*** Input data Section Begins ***

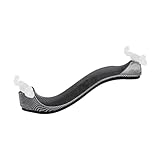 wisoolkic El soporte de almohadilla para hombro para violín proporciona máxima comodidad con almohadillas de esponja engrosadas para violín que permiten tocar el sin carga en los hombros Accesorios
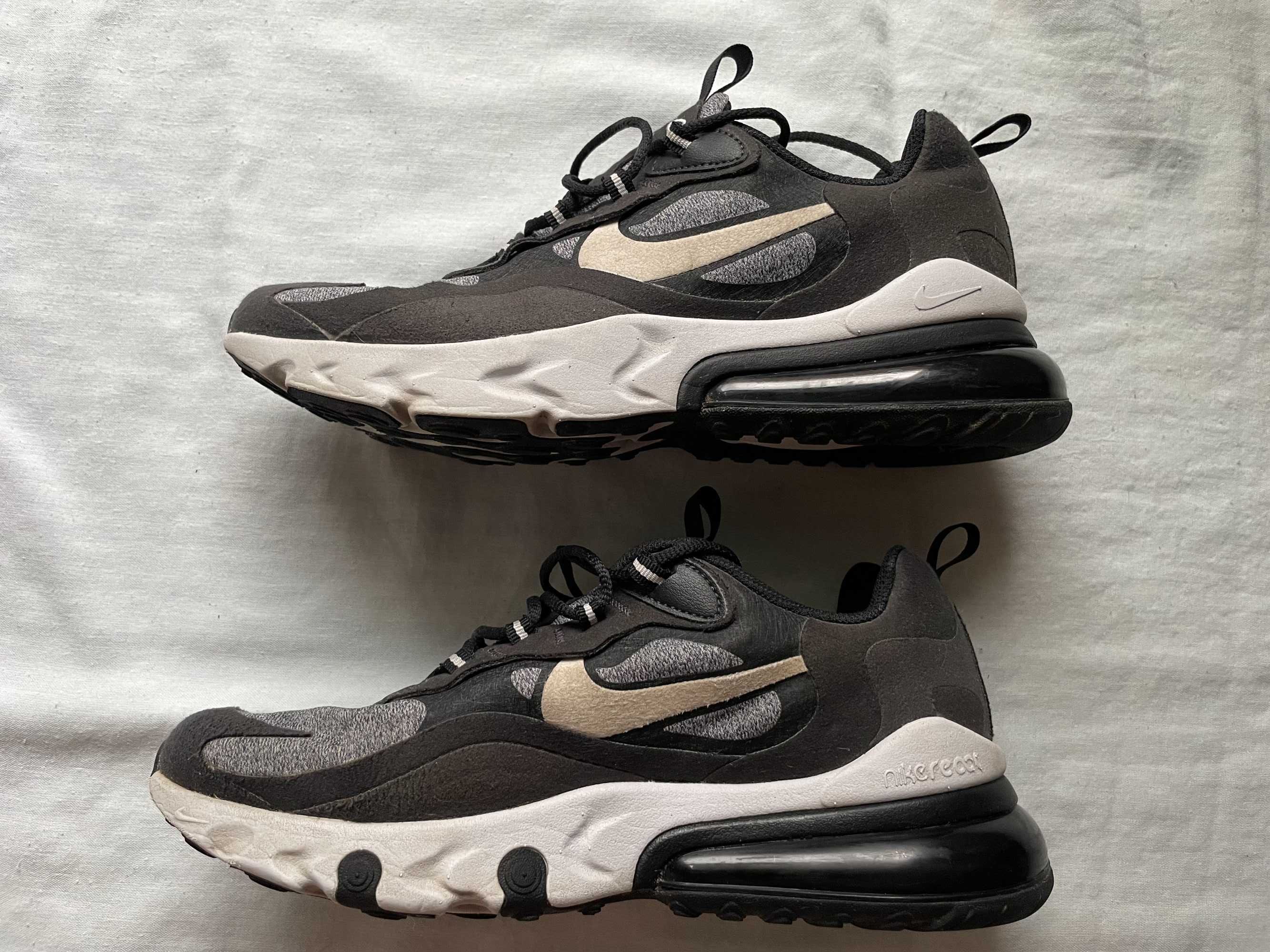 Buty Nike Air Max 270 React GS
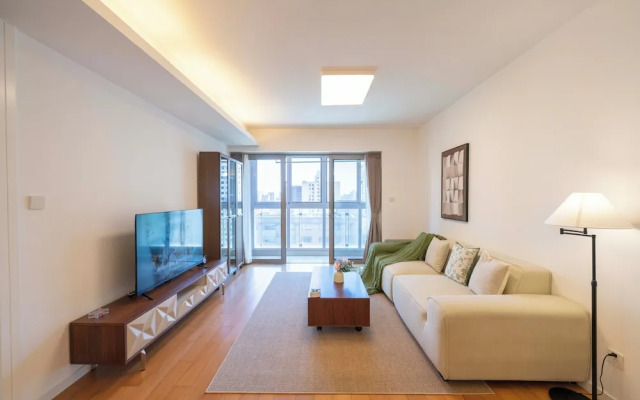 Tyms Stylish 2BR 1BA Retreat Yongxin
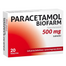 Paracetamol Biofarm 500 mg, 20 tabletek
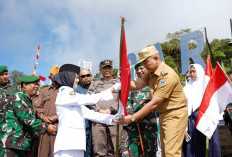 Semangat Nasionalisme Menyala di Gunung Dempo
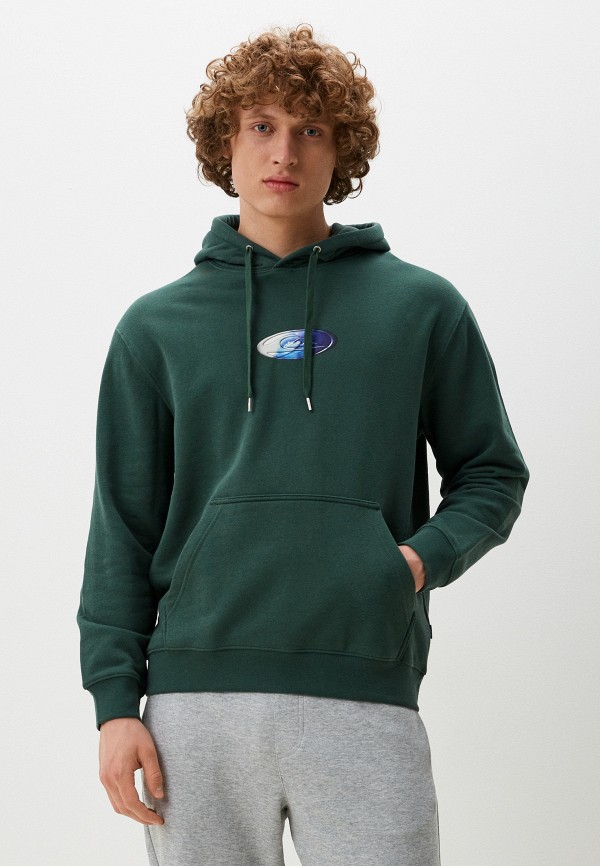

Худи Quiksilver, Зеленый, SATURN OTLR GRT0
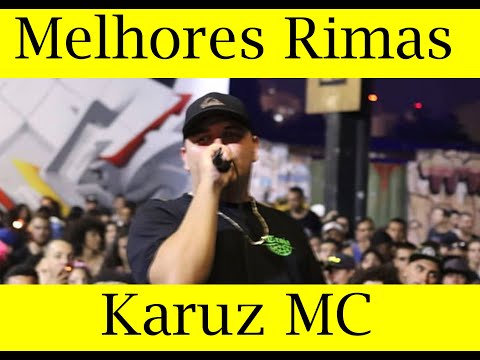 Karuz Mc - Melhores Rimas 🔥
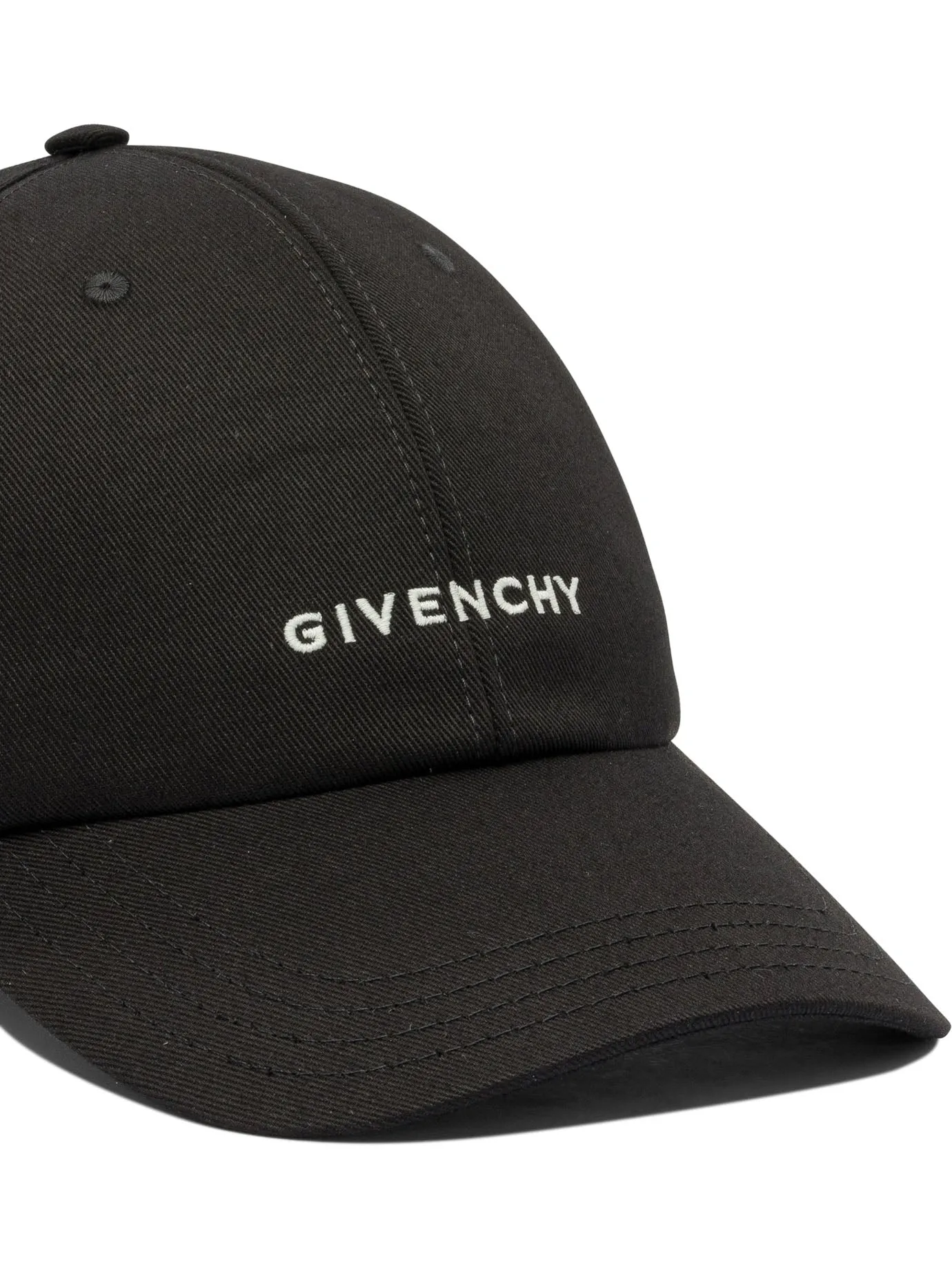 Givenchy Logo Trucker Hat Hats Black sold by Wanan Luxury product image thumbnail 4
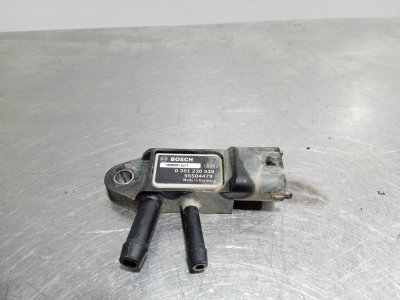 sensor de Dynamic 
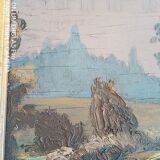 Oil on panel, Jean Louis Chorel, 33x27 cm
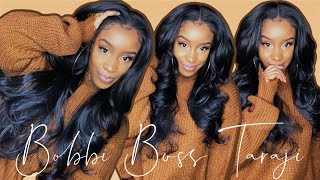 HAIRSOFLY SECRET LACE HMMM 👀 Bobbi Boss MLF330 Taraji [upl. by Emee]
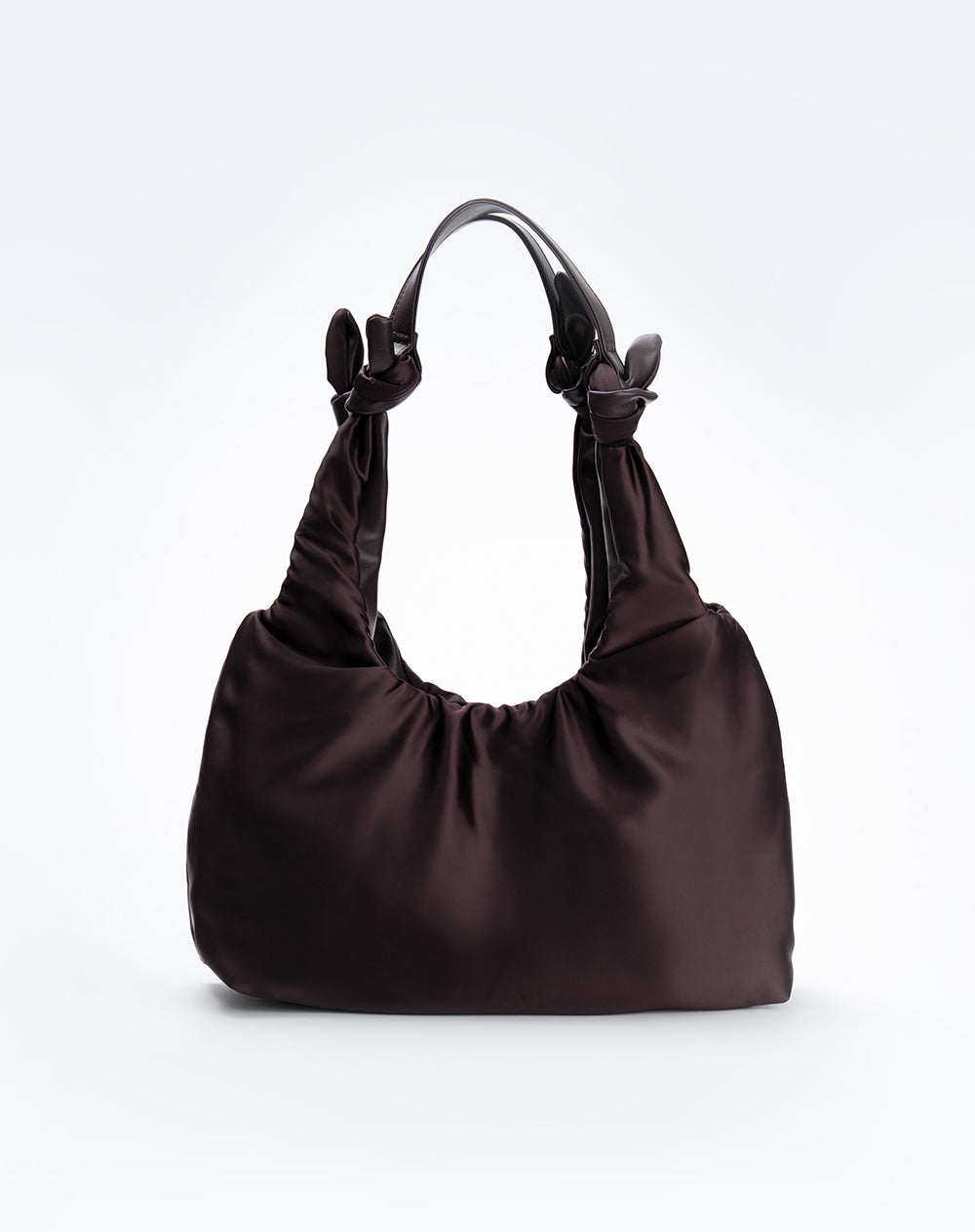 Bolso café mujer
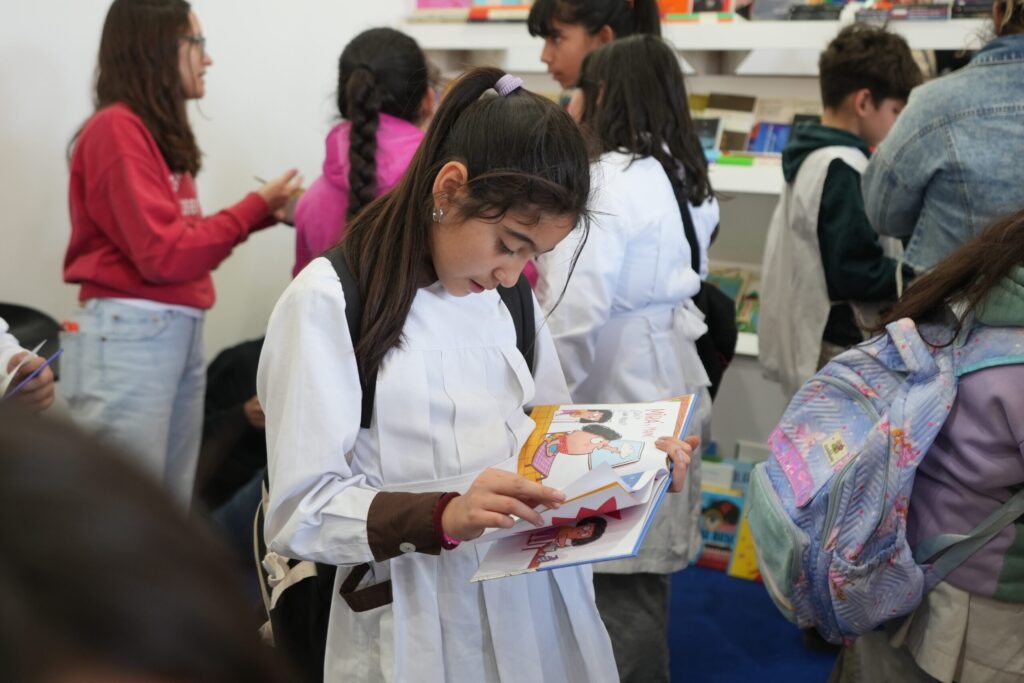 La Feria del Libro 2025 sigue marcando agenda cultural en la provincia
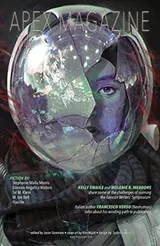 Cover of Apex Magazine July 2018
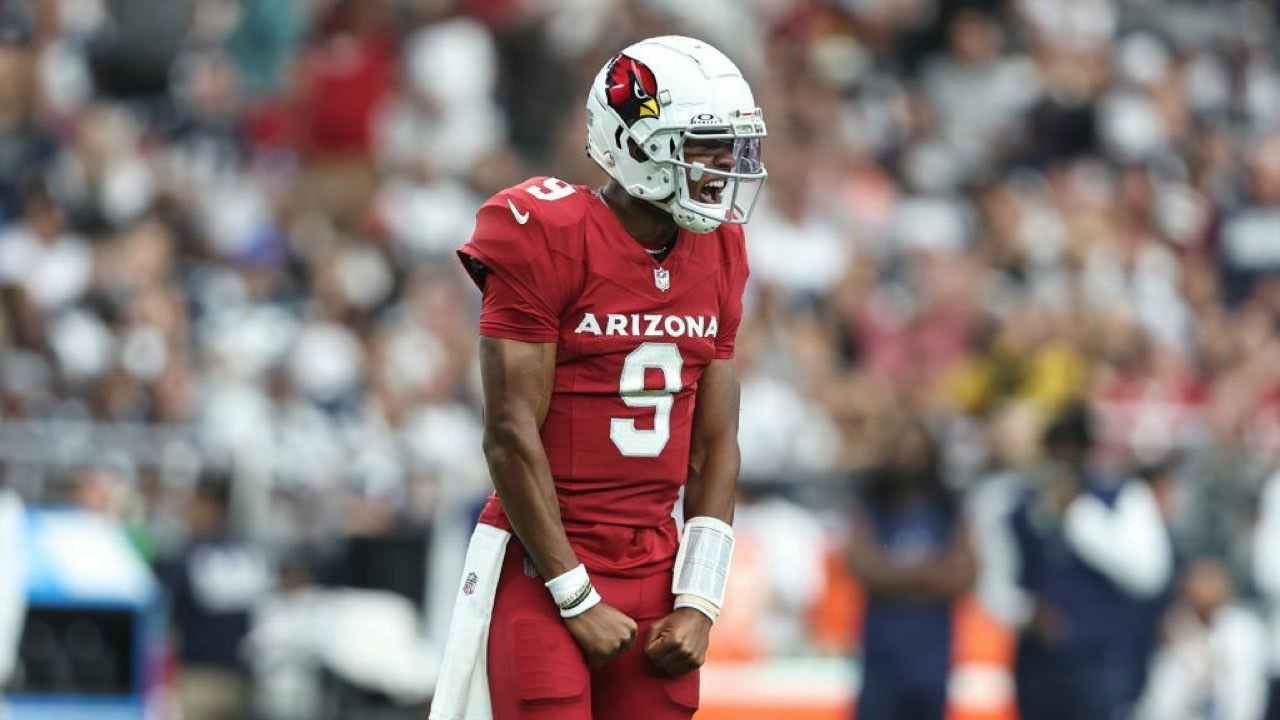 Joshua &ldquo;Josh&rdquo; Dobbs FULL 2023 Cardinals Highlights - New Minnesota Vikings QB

*** Input data Section Ends ***

Beginning with the line that holds "Givenchy Logo Trucker", extract every line to the end of the material, exactly as it stands, and drop the pictures.

 Givenchy Logo Trucker Hat Hats Black sold by Wanan Luxury product image thumbnail 4
 sensor de Dynamic 
 Oil on panel, Jean Louis Chorel, 33x27 cm
 HAIRSOFLY SECRET LACE HMMM 👀 Bobbi Boss MLF330 Taraji [upl. by Emee]
 Bolso café mujer
 La Feria del Libro 2025 sigue marcando agenda cultural en la provincia
 Cover of Apex Magazine July 2018
 Joshua &ldquo;Josh&rdquo; Dobbs FULL 2023 Cardinals Highlights - New Minnesota Vikings QB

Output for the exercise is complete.